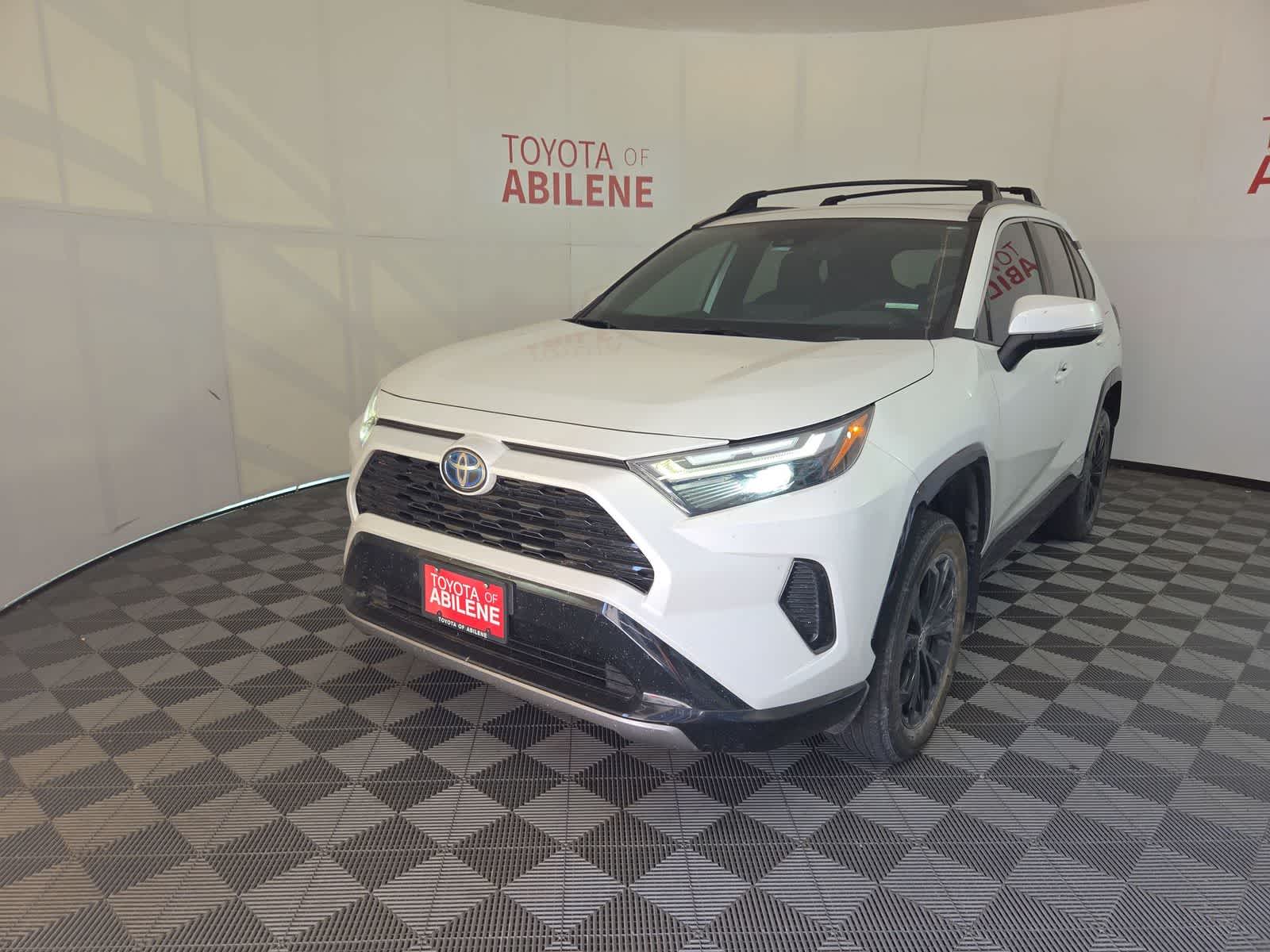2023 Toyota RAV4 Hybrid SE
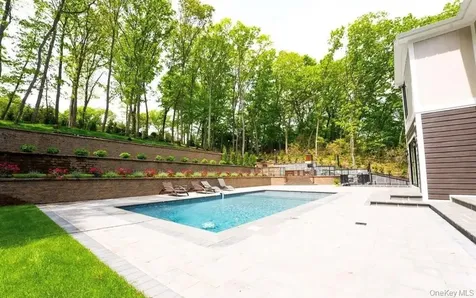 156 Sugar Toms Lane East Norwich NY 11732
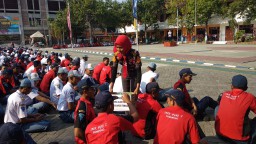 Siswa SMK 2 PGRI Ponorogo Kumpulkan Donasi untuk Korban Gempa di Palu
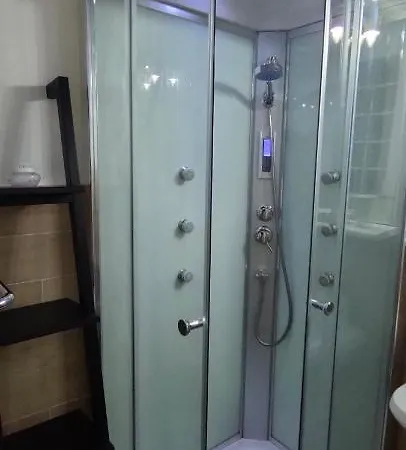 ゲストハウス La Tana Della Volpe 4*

--- --- ---

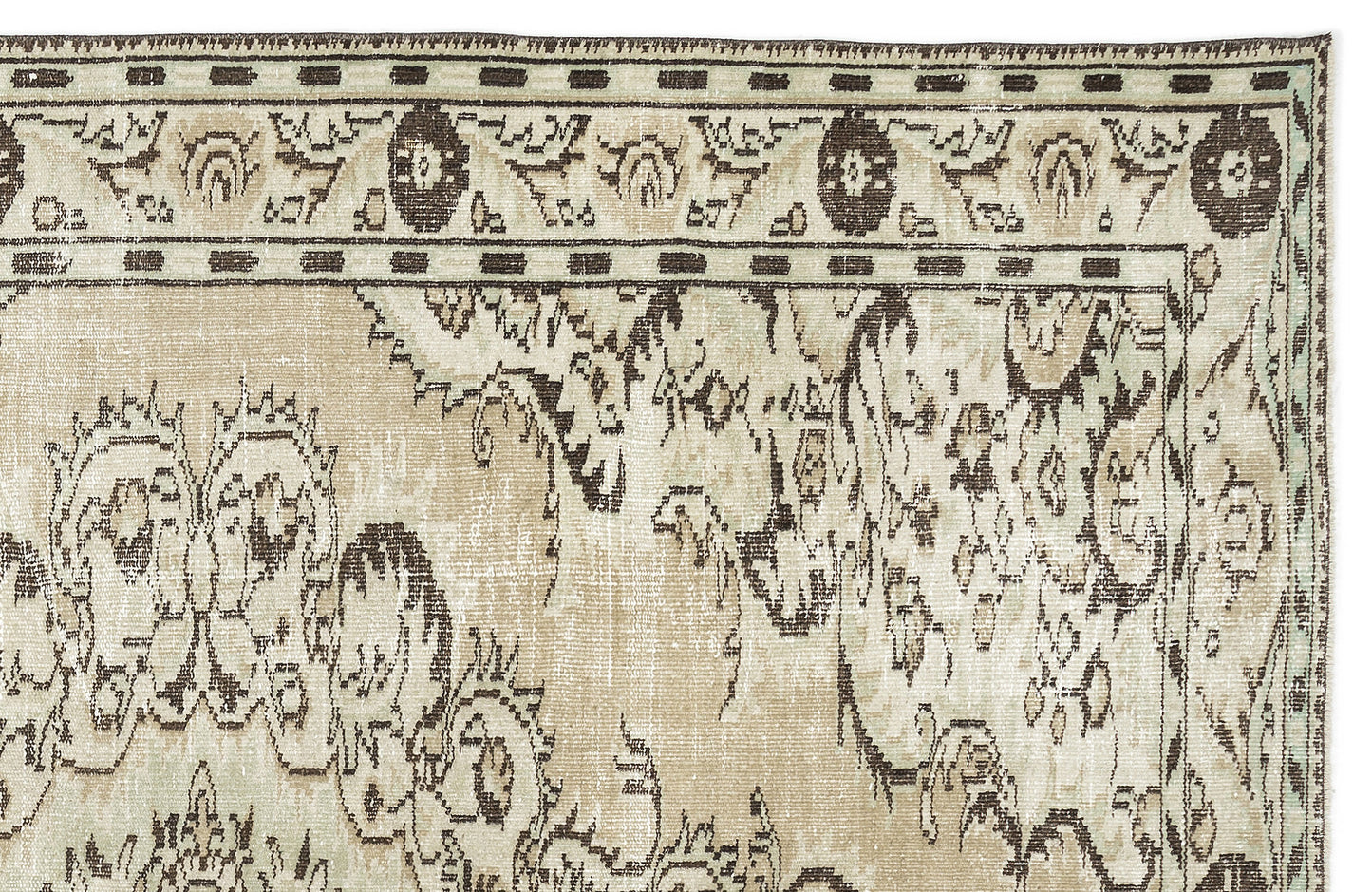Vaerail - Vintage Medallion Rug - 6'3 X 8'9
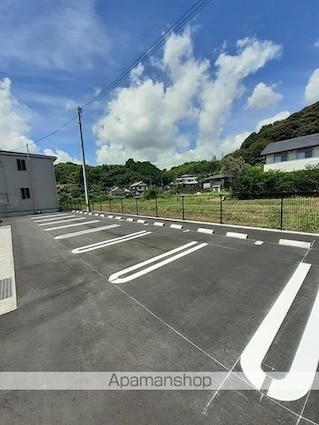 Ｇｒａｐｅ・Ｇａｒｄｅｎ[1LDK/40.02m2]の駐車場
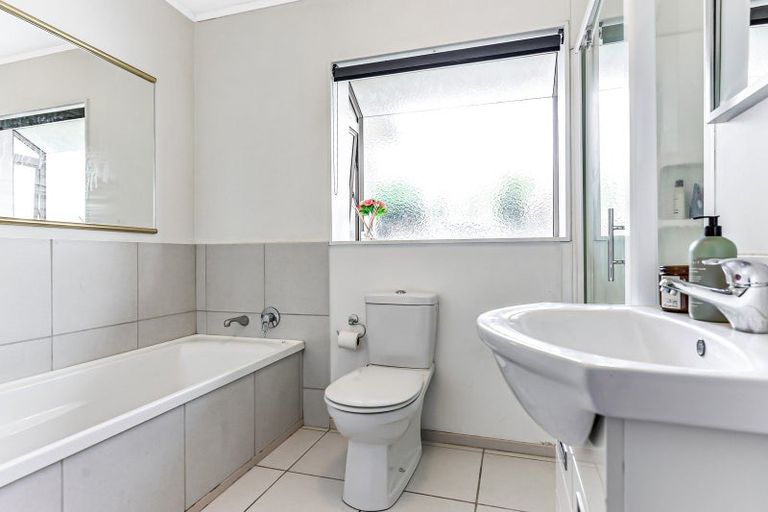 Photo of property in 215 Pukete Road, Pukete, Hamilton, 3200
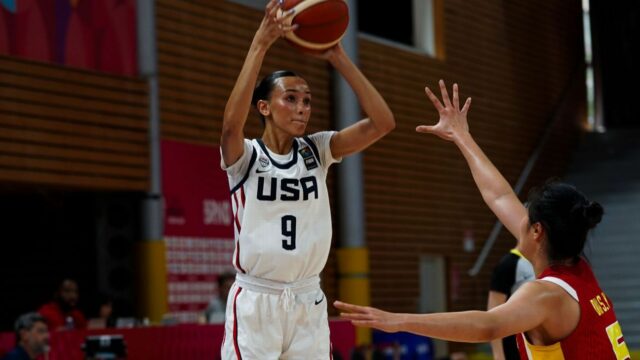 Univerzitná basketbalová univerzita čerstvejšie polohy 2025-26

--- --- ---

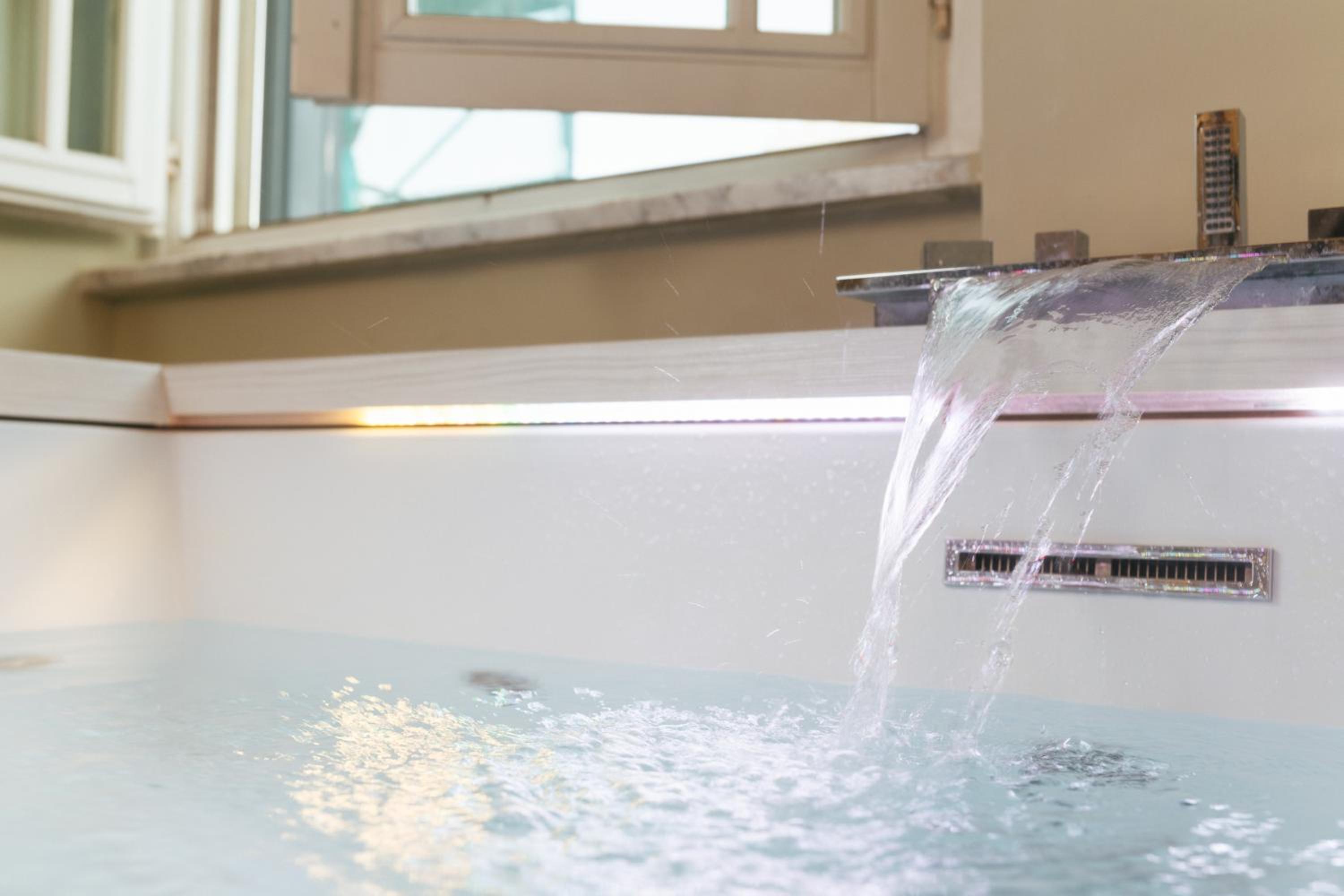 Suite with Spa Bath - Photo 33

--- --- ---

Instructions to follow:
Everything between and including the line above containing "156 Sugar Toms Lane East Norwich NY 11732" and the line containing "ゲストハウス La Tana Della Volpe 4*" should be reproduced exactly, with pictures excluded.

Task result:
 156 Sugar Toms Lane East Norwich NY 11732
 Siswa SMK 2 PGRI Ponorogo Kumpulkan Donasi untuk Korban Gempa di Palu
 ゲストハウス La Tana Della Volpe 4*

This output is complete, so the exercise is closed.